Guide Voyage Saint-Petersbourg - KARAVEL
 

Saint-Petersbourg

Repères

Nos livres favoris

Le manteau, Nicolas Gogol (1809-1852) : le réalisme de Gogol, qui met en scène  des personnages de petite condition, est une grande première dans la littérature russe. Le manteau raconte ainsi la triste vie d’Akaki Akakiévitch, petit homme gris que personne ne remarque. Il décide d’économiser des mois durant pour acheter un magnifique manteau, grâce auquel, c’est sûr, on fera attention à lui.

Le Cavalier de bronze, Alexandre Pouchkine (1799-1837) : ses nouvelles et poèmes sont souvent marqués par la ville. Dans la nouvelle Le Cavalier de Bronze (1833), il donne vie à la statue de Pierre le Grand qui s’élève sur la place des Décembristes. Elle poursuit le héros à travers la ville inondée par un déluge extraordinaire.

Crime et châtiment, Fédor Dostoïevski (1821-1881) : dans ce romanque, la précision topographique est extrême : l’action se déroule dans le triangle délimité par la place au Foin, Saint-Nicolas-des-Marins et le coude que forme le canal Griboïedov, dans un quartier où la ville cesse d’être orthogonale et resserre en filet des rues qui se recoupent en angle aigu. On peut ainsi, roman en main, remonter le temps et refaire les parcours fiévreux de Raskolnikov, qui tue sa concierge pour des raisons métaphysiques… ou est-ce uniquement pour son argent ?

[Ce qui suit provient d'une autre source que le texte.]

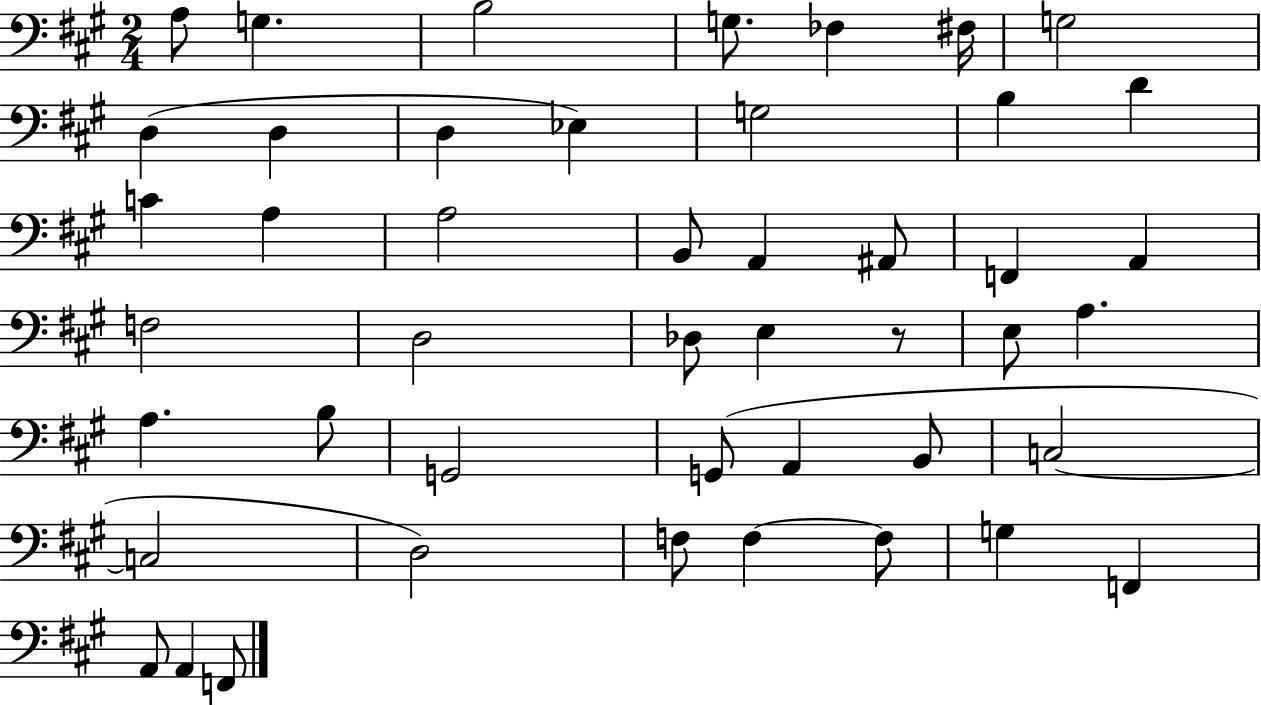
{
  \clef bass
  \numericTimeSignature
  \time 2/4
  \key a \major
  a8 g4. | b2 | g8. fes4 fis16 | g2 | \break d4( d4 | d4 ees4) | g2 | b4 d'4 | \break c'4 a4 | a2 | b,8 a,4 ais,8 | f,4 a,4 | \break f2 | d2 | des8 e4 r8 | e8 a4. | \break a4. b8 | g,2 | g,8( a,4 b,8 | c2~~ | \break c2 | d2) | f8 f4~~ f8 | g4 f,4 | \break a,8 a,4 f,8 | \bar "|."
}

Requiem, Anna Akhmatova (1889-1966) : survivante du tsarisme, son destin prend  un tour tragique : son mari, le poète Goumilev, est tué par le pouvoir stalinien en 1935, puis son fils est arrêté. Elle-même est placée sous surveillance et ne sera réhabilitée qu’après la mort de Staline, en 1953. Requiem, écrit par fragments entre 1935 et 1961, est un magnifique poème en hommage à son fils arrêté ainsi qu’à toutes les victimes de la terreur stalinienne.

Guide d’une ville re-nommée, Joseph Brodsky (1940) : lauréat du prix Nobel de Littérature 1987 et représentant le plus éclatant de la génération poétique du “dégel post-stalinien”, Brodsky ose la forme et le ton qui révolutionnent la littérature russe. Il consacre à Pétersbourg un essai à l’acuité ironique dans lequel il résume l’histoire et définit le génie de sa ville natale.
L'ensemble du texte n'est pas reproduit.